本当に、あの二人はどうにかならないものか、と思う。いや、どうにかなってしまってほしい。
 相手を思いやらずに強引に事を進めてしまうのは良くないけれど、相手を大事にしすぎて奥手になるのも困りものだ。あの二人はまさに後者で、わたしが背中を押してあげないと何にも進まない。まだキスをしたかすら怪しい。
「別に、私は困らないんだよ。でも、やっぱりちょっと心配じゃない?」
 私がそう呟くと、くろは呑気に、そうかなあ、とか言っている。本当にこの男は頼りない。私がどうにか叩き直してやらなきゃいけない。どうして、私がこんなになにもかも背負いこんじゃってるんだろう。

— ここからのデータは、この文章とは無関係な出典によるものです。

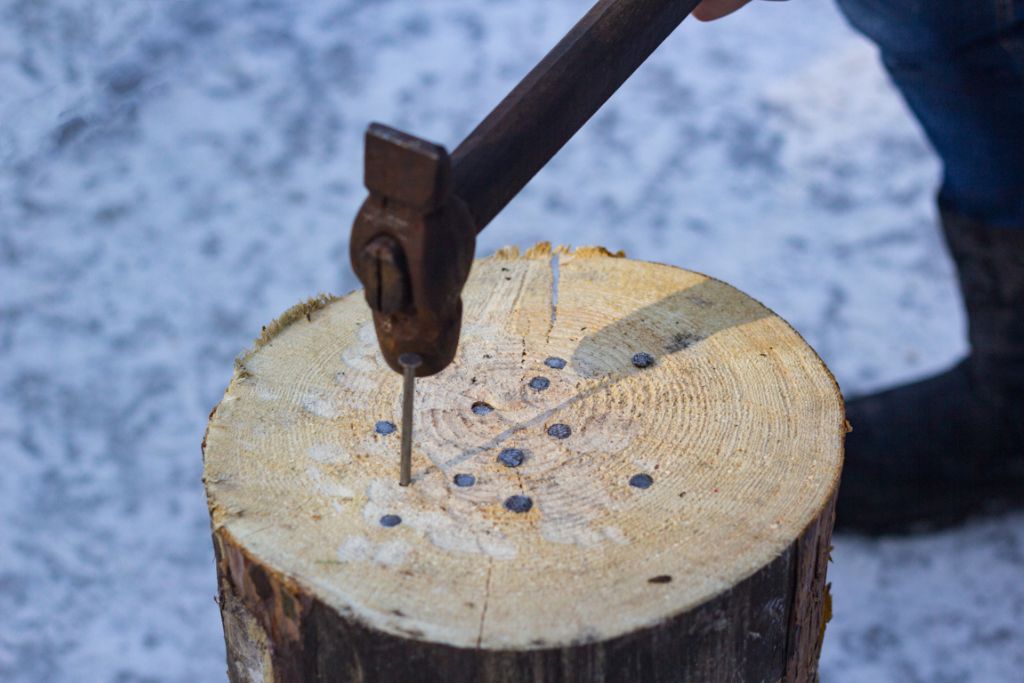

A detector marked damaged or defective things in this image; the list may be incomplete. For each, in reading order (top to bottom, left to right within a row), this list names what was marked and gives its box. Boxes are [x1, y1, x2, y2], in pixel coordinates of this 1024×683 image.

「もー! くろは呑気すぎるのよ! あの二人このまま進展がなくて、もしもの事になってからじゃ遅いのよ!」
「それはないんじゃねえのー? なったとしても、それはお前に直接は関係ない事だろ」
「あるわよ! ……あの子には史郎しかいないんだよ、絶対。二人は運命の人同士だと思うもの」
 勢いよく立ち上がったものの、冷静に考えてもやっぱりあの二人は一緒に居なくちゃいけないと思って、そう言った。すとんとベッドに再び腰を降ろすと、くろも私の隣に座った。ちらりと顔を見ると、いつもよりちょっとだけ真剣な顔をしている。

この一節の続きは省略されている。